**Problem to solve:**
All that is wanted is a word-for-word copy of the data from its first line to the line containing "Original Sunflower Carpet, Purely", both included.

**Extracted entries:**
------

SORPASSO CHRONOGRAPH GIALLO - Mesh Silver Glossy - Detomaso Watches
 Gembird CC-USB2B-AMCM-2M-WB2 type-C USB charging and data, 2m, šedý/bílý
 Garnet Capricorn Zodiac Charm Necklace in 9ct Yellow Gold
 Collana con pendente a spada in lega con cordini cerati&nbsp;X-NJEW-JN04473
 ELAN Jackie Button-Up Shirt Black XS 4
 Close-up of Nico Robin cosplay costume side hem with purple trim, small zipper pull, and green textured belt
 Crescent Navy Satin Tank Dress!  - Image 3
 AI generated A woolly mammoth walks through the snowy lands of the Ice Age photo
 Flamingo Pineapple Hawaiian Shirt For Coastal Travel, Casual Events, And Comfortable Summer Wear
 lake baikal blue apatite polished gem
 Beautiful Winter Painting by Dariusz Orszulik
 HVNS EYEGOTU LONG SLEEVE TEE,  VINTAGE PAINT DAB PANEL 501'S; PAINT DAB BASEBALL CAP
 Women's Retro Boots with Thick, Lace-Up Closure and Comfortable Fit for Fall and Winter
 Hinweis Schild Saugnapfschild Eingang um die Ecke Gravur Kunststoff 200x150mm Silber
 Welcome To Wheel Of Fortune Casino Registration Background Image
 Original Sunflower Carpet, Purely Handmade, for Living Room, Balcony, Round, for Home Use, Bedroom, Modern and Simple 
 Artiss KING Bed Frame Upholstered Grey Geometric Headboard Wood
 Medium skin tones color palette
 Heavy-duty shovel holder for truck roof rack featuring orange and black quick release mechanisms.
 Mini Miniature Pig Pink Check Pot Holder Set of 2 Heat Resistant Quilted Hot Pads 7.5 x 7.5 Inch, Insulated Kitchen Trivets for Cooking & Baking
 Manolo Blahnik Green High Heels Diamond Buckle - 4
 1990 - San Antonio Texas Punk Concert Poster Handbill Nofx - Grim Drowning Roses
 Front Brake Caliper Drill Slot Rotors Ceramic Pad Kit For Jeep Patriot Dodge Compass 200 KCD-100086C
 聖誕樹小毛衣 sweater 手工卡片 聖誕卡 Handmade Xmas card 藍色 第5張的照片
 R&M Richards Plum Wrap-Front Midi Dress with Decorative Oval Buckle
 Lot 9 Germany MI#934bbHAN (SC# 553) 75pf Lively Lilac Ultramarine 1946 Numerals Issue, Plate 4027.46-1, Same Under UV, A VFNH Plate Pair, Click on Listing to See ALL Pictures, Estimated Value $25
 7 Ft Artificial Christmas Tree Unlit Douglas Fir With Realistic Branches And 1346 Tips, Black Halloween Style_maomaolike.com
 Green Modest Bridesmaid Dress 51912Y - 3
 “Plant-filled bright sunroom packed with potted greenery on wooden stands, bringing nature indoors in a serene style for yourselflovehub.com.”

------

**Result:**
SORPASSO CHRONOGRAPH GIALLO - Mesh Silver Glossy - Detomaso Watches
 Gembird CC-USB2B-AMCM-2M-WB2 type-C USB charging and data, 2m, šedý/bílý
 Garnet Capricorn Zodiac Charm Necklace in 9ct Yellow Gold
 Collana con pendente a spada in lega con cordini cerati&nbsp;X-NJEW-JN04473
 ELAN Jackie Button-Up Shirt Black XS 4
 Close-up of Nico Robin cosplay costume side hem with purple trim, small zipper pull, and green textured belt
 Crescent Navy Satin Tank Dress!  - Image 3
 AI generated A woolly mammoth walks through the snowy lands of the Ice Age photo
 Flamingo Pineapple Hawaiian Shirt For Coastal Travel, Casual Events, And Comfortable Summer Wear
 lake baikal blue apatite polished gem
 Beautiful Winter Painting by Dariusz Orszulik
 HVNS EYEGOTU LONG SLEEVE TEE,  VINTAGE PAINT DAB PANEL 501'S; PAINT DAB BASEBALL CAP
 Women's Retro Boots with Thick, Lace-Up Closure and Comfortable Fit for Fall and Winter
 Hinweis Schild Saugnapfschild Eingang um die Ecke Gravur Kunststoff 200x150mm Silber
 Welcome To Wheel Of Fortune Casino Registration Background Image
 Original Sunflower Carpet, Purely Handmade, for Living Room, Balcony, Round, for Home Use, Bedroom, Modern and Simple 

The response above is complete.